Book Review: Learning Not To Drown by Anna Shinoda


Title: Learning Not To Drown
Author: Anna Shinoda
Publisher: Atheneum Books for Young Readers
Release Date: April 01, 2014


Family secrets cut to the bone in this mesmerizing debut novel about a teen whose drug-addicted brother is the prodigal son one time too many.

There is a pecking order to every family. Seventeen-year old Clare is the overprotected baby; Peter is the typical, rebellious middle child; and Luke is the oldest, the can’t-do-wrong favorite. To their mother, they are a normal, happy family.
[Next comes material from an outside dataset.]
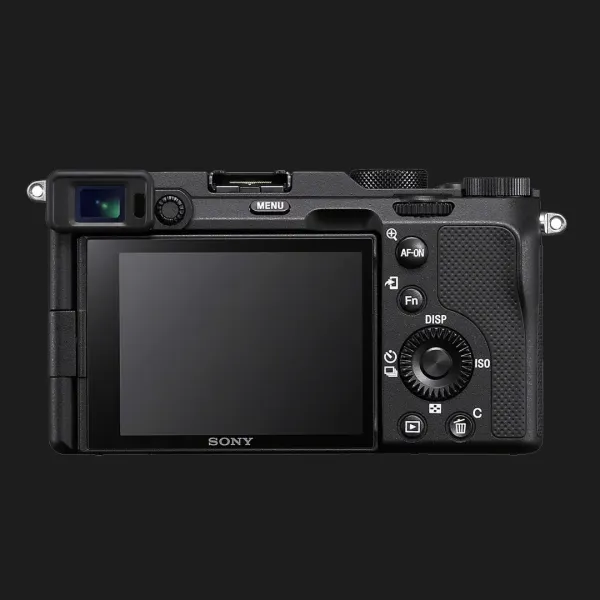 Цифровий фотоапарат Sony Alpha A7C kit 28-60 mm (Black) (ILCE7CLB) (Standard)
To Clare, they are a family on the verge of disaster. Clare: the ambitious striver; Peter: the angry ticking time bomb; and Luke: a drug-addicted convicted felon who has been in and out of jail for as long as Clare can remember—and who has always been bailed out by their parents.

Clare loves Luke, but life as his sister hasn’t been easy. And when he comes home (again), she wants to believe this time will be different (again). Yet when the truths behind his arrests begin to surface, everything Clare knows is shaken to its core. And then Luke is arrested. Again.

Except this time is different, because Clare’s mom does the unthinkable on Luke’s behalf, and Clare has to decide whether turning her back on family is a selfish act…or the only way to keep from drowning along with them.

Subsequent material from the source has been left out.